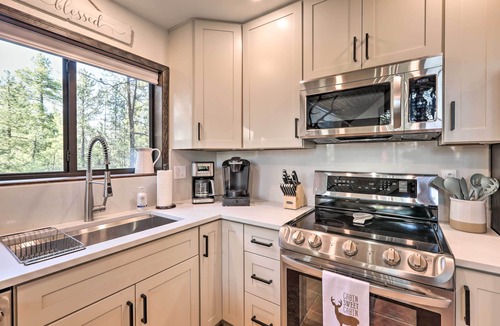 Munds Park Cabin | Wraparound Deck & Poker Room: Cabin in Munds Park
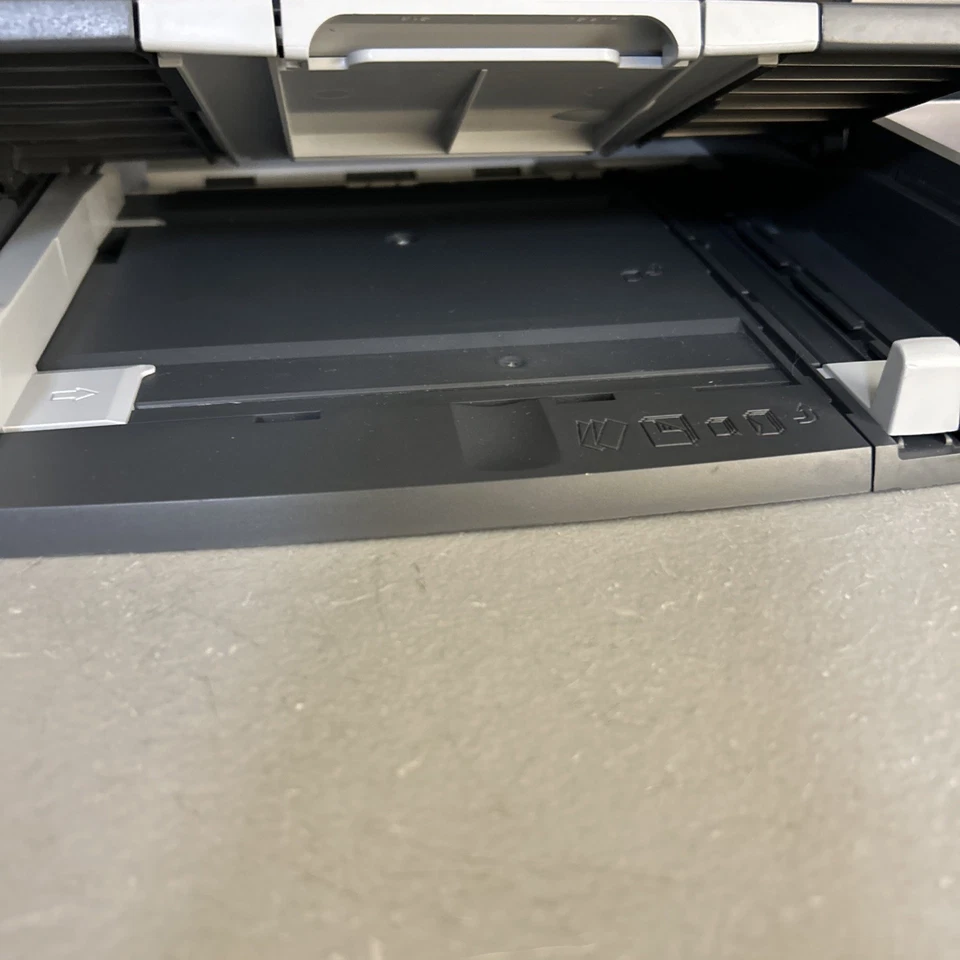 HP DeskJet 5650 Workgroup Inkjet Printer- Ink And Wires Are NOT included - Image 3 of 4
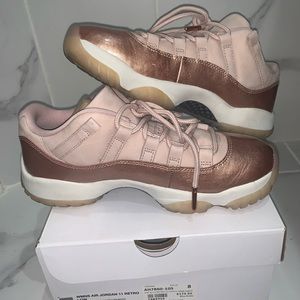 AIR JORDAN 11 Retro ‘Rose Gold’ Women’s Size 8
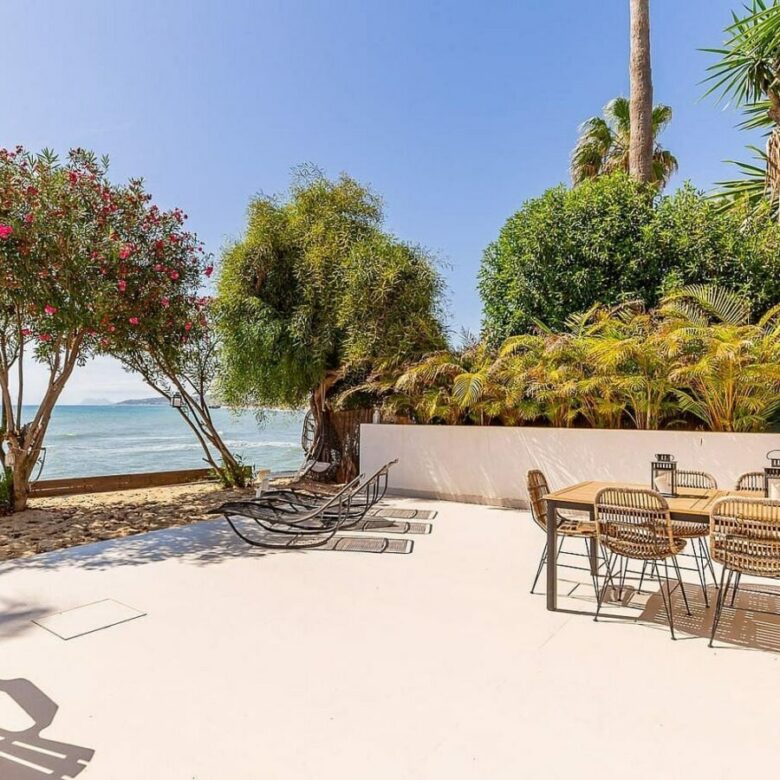 Frontline beach villa with direct sea access Bahia Dorada Estepona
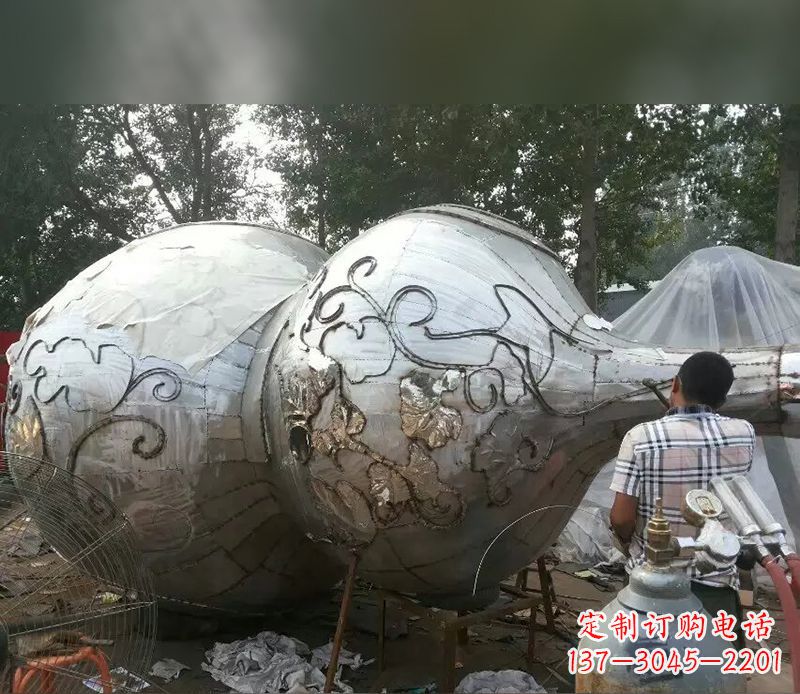 泰州不锈钢葫芦雕塑精美绝伦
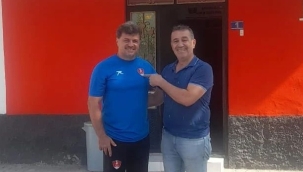 AKŞEHİRSPOR'UN YENİ TEKNİK DİREKTÖRÜ OZAN DOMBAZ OLDU 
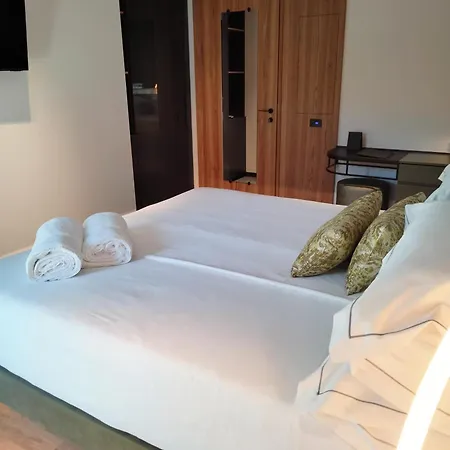 فندق Ristorante Al Caminetto Worldhotels Crafted Adults Only توري ديل بيناكو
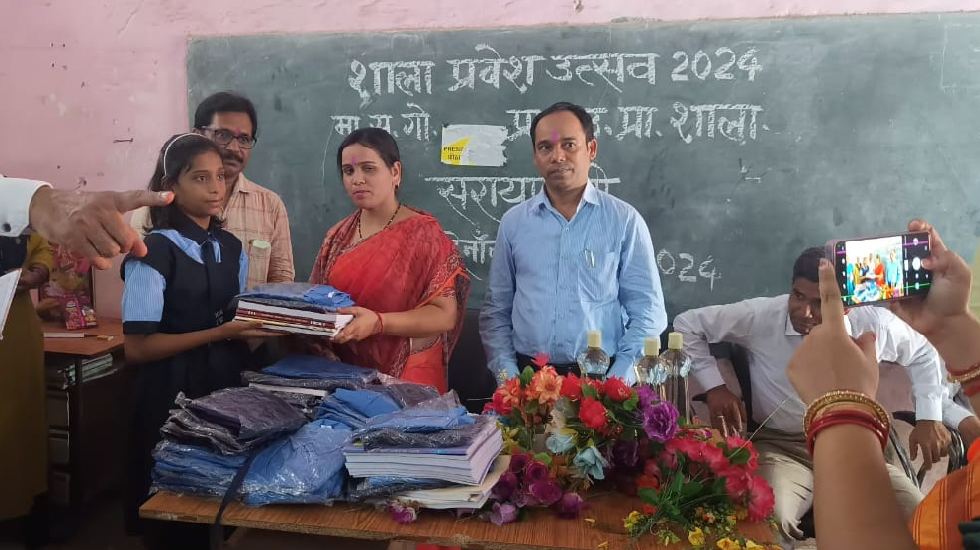 सरायपाली : माधव राव सदाशिवराव गोलवलकर इंग्लिश मीडियम स्कूल म... - CG Sandesh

┄┄┄┄┄┄┄┄┄┄

### [The problem]
In the answer, retype exactly and only the lines from the one holding "فندق Ristorante Al" through the end of the listing, keeping both ends and dropping every picture.

### [Task response]
 فندق Ristorante Al Caminetto Worldhotels Crafted Adults Only توري ديل بيناكو
 सरायपाली : माधव राव सदाशिवराव गोलवलकर इंग्लिश मीडियम स्कूल म... - CG Sandesh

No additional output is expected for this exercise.